Code of Conduct for SMS Disaster Response Presented to Mobile World Congress
BY Julia Wetherell | Tuesday, February 26 2013
The Mobile World Congress is taking place in Barcelona this week, with mobile providers from around the world presenting strategies for proliferating and monetizing new technologies. Yet as mobile’s reach extends far beyond the realm of the basic phone call, forming a fundamental part of the information infrastructure in developing nations, the humanitarian sector is also on display.
On Sunday, the Disaster Response Program from GSMA presented a Code of Conduct for SMS use during disaster response, hoping to address the mobile industry’s growing role in humanitarian crisis management.

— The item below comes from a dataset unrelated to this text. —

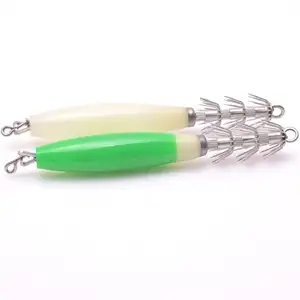 Hameçon professionnel lumineux pour la pêche à la turlutte, leurre pour attraper des poulpes, vert et léger, Machine robuste, à la Machine, 15cm, 27g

Patrick Meier at iRevolution has an overview of the development of the code, which is based in large part on the experience that Meier and other crisis-mapping volunteers faced in running 4636, the Ushahidi platform that helped to locate victims of the 2010 earthquake in Haiti. Named for the SMS shortcode that was secured from FrontlineSMS, the program enabled volunteers to aggregate and map hazards, shortages, and other threats to the safety of the population. It helped the US Marines take action in the crisis response.
Yet Meier says that, for such a critical operation, it would have been beneficial to have some best practices in place. That’s the aim of the new SMS Code of Conduct for General Disaster Response [pdf].
"The humanitarian principle of ‘do no harm’ comes first,” states one of the five general guidelines outlined in the document. Evaluating what constitutes harm, in the case of mobile-deployed crisis response, is the heart of the matter. The volunteer team behind 4636 faced this in the issue of obtaining consent to broadcast the emergency tweets, and hand them over to translators in the diaspora. Because the project was deemed to be in victims’ best interest, consent was ultimately implied. Yet it was an ethical dilemma that Patrick Meier would have preferred to have a precedent for:
I, for one, never again want to spend 24+ precious hours debating whether or not urgent life-and-death text messages can or cannot be mapped because of uncertainties over data privacy and protection—24 hours during a Search and Rescue phase is almost certain to make the difference between life and death.
The code of conduct also includes strategies for liaising between humanitarian groups and mobile providers during times of crisis. As mobile approaches to disaster response are increasingly used, such guidelines could set an important standards – as well as increase the efficiency of life-saving missions.